● Dataset extract:

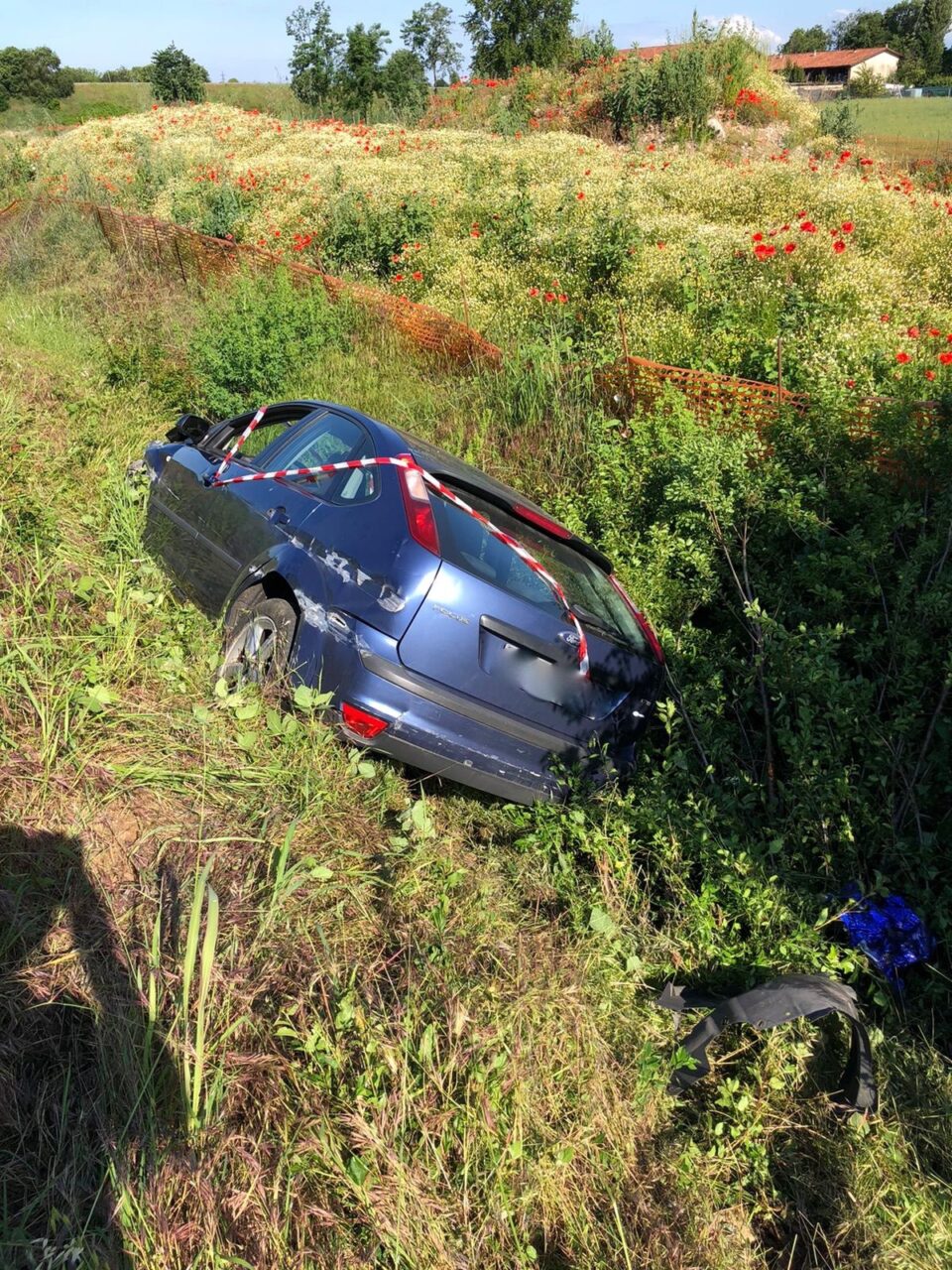 Chiari, esce di strada a poca distanza dalla sua abitazione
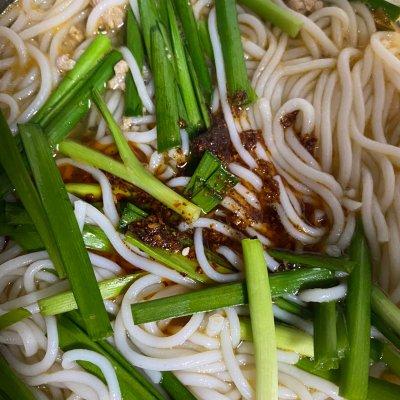 干米线的正确泡法，半干的米线怎么泡发（健康又过瘾的小锅米线）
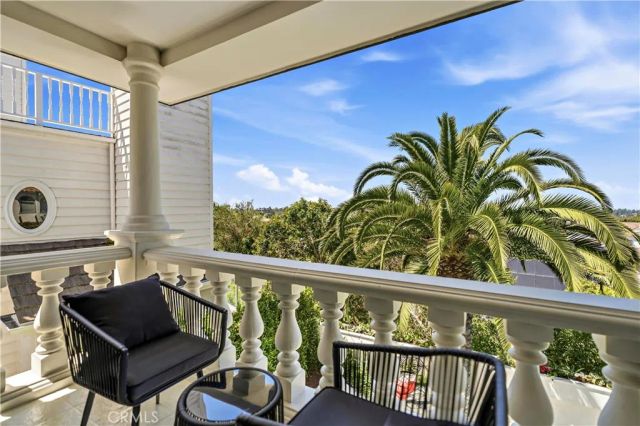 19 Belmont, Newport Beach, CA 92660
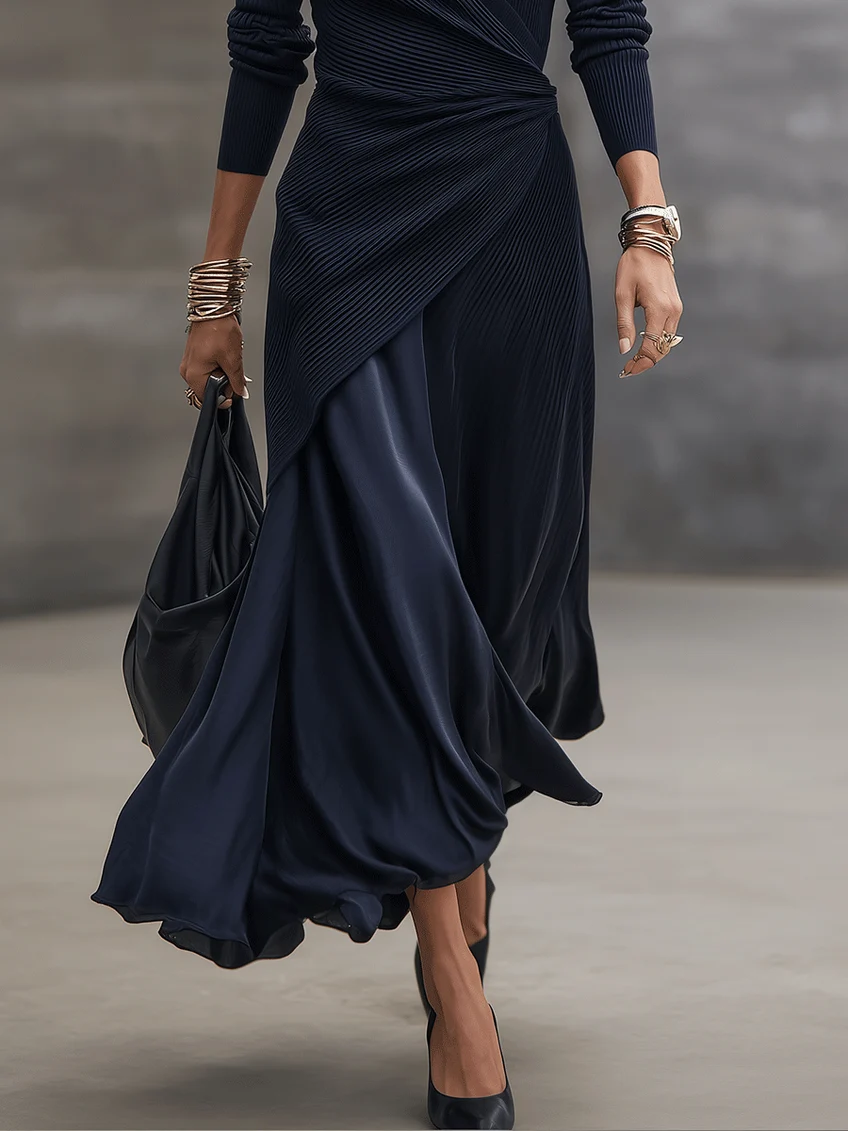 Daphne | Robe longue asymétrique bleu marine à empiècements satinés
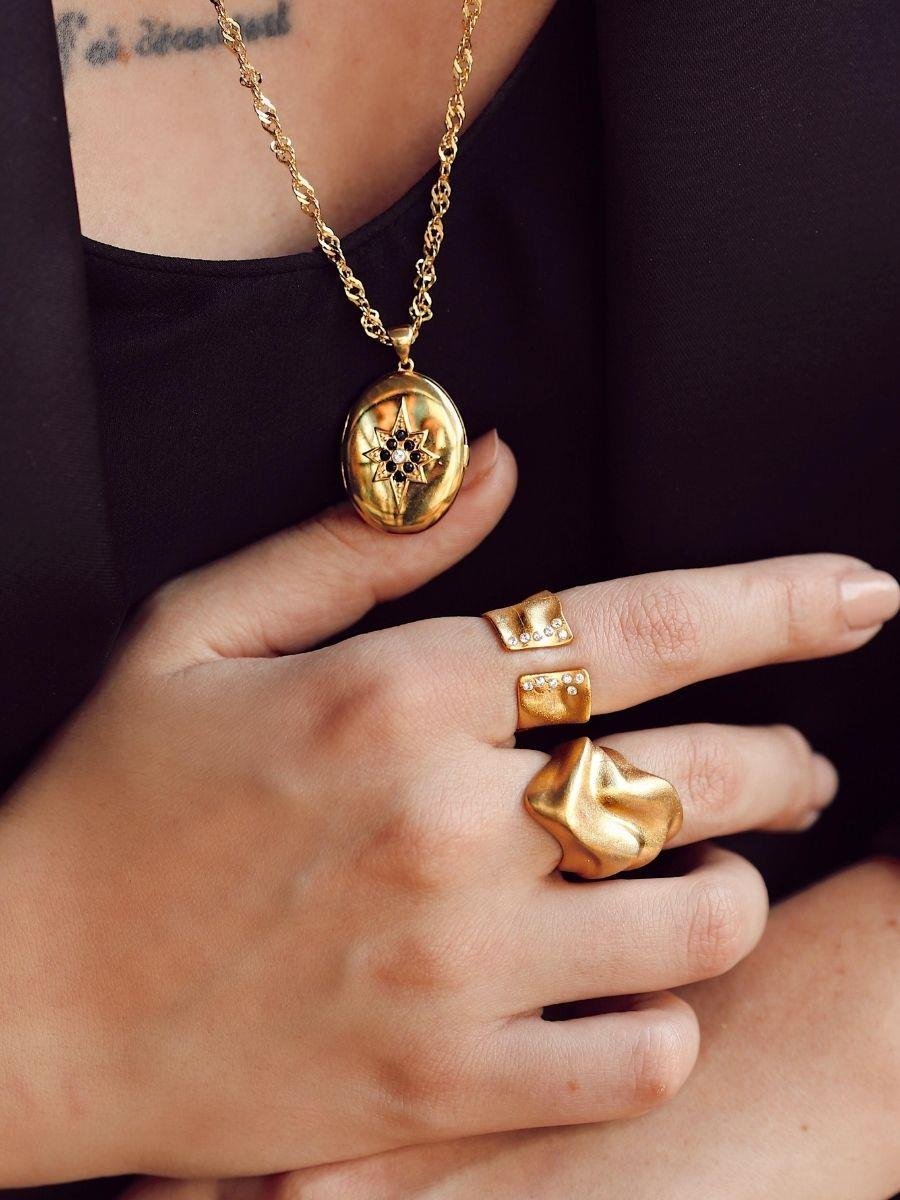 Kutup Yıldızı Siyah Taşlı Madalyon Kolye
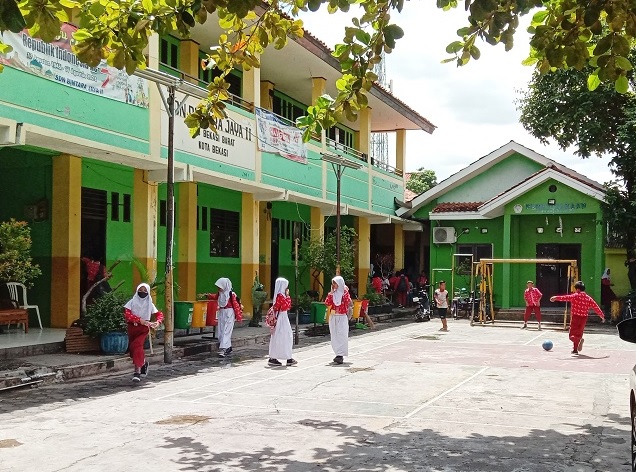 Hukuman Fisik di Sekolah Jabar Resmi Dilarang, Ketua PGRI Kota Bekasi: Sudah Mulai Diterapkan
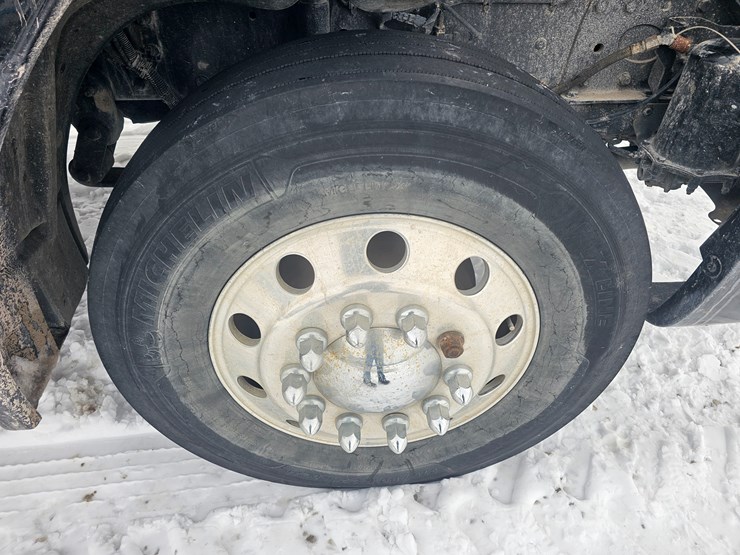 2007-freightliner-columbia-120-image-92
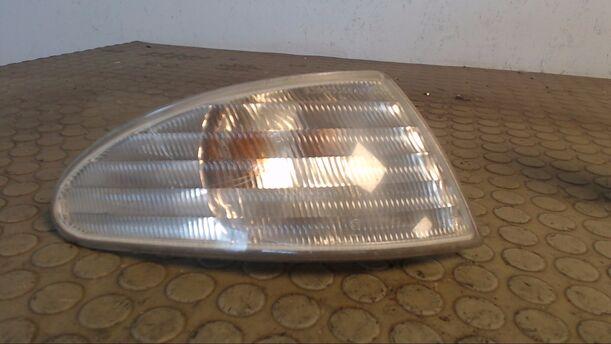 Foto: BLINKER VORN RECHTS eines Ford Mondeo Turnier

● Activity:
Please repeat all of the entries above word for word, but drop any pictures.

● Answer:
 Chiari, esce di strada a poca distanza dalla sua abitazione
 干米线的正确泡法，半干的米线怎么泡发（健康又过瘾的小锅米线）
 19 Belmont, Newport Beach, CA 92660
 Daphne | Robe longue asymétrique bleu marine à empiècements satinés
 Kutup Yıldızı Siyah Taşlı Madalyon Kolye
 Hukuman Fisik di Sekolah Jabar Resmi Dilarang, Ketua PGRI Kota Bekasi: Sudah Mulai Diterapkan
 2007-freightliner-columbia-120-image-92
 Foto: BLINKER VORN RECHTS eines Ford Mondeo Turnier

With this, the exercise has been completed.